(What is needed): At the line containing "曼城连续六轮不败，稳居积分榜榜首——王者之师再现巅峰", begin an exact copy of the lines below and continue through the final one, with no pictures.

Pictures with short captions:
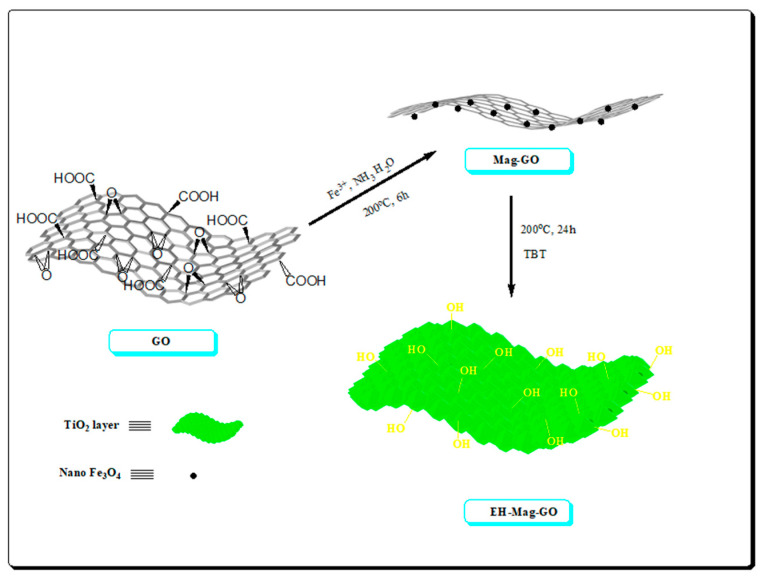 Figure 16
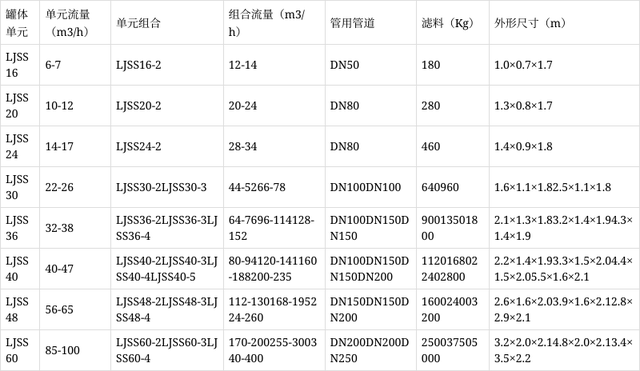 全自动反冲洗砂石过滤器详细说明(图2)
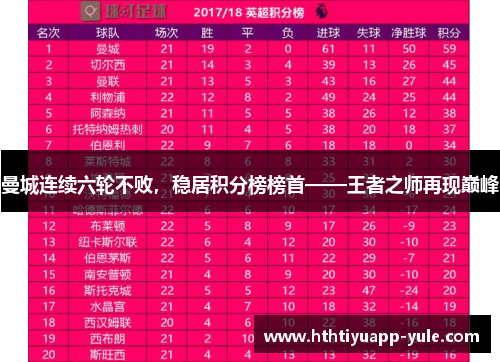 曼城连续六轮不败，稳居积分榜榜首——王者之师再现巅峰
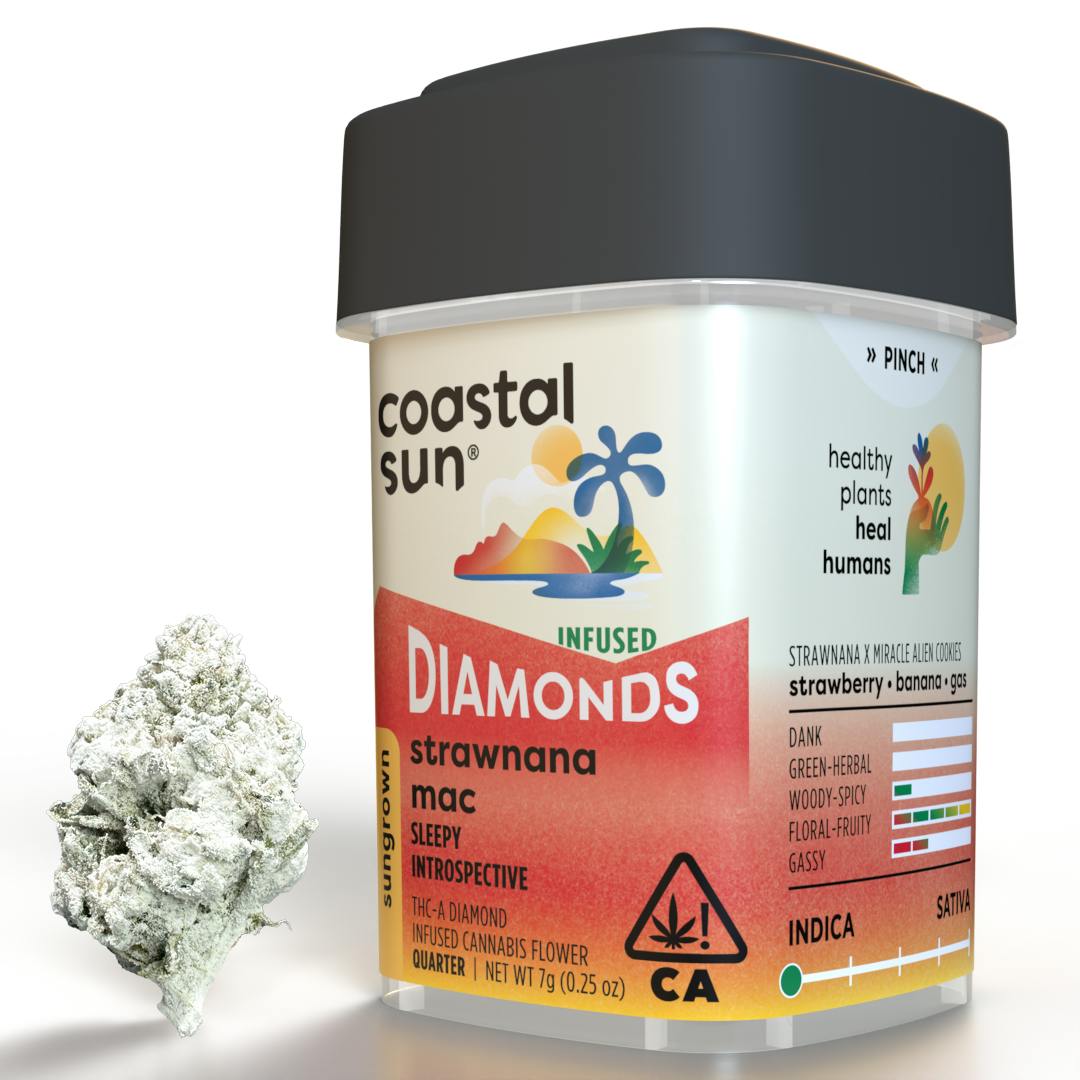 Coastal Sun: Strawnana MAC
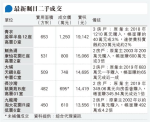 盈翠海景戶1250萬沽 較年初同類升14%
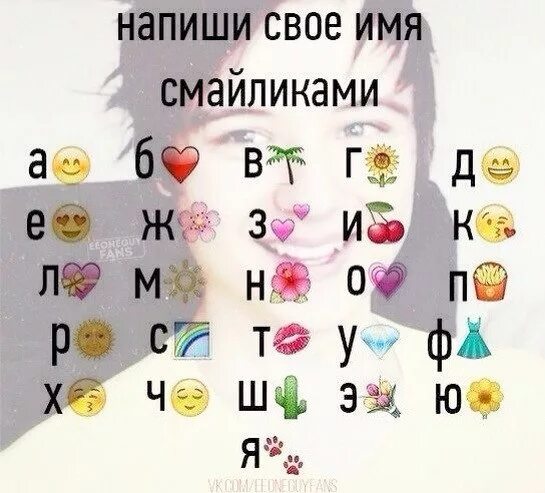 Загадай имя. Цитаты со смайликами. Как написать своё имя смайликами. Имя смайликами. Смайл цитаты.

(Problem solution):
 曼城连续六轮不败，稳居积分榜榜首——王者之师再现巅峰
 Coastal Sun: Strawnana MAC
 盈翠海景戶1250萬沽 較年初同類升14%
 Загадай имя. Цитаты со смайликами. Как написать своё имя смайликами. Имя смайликами. Смайл цитаты.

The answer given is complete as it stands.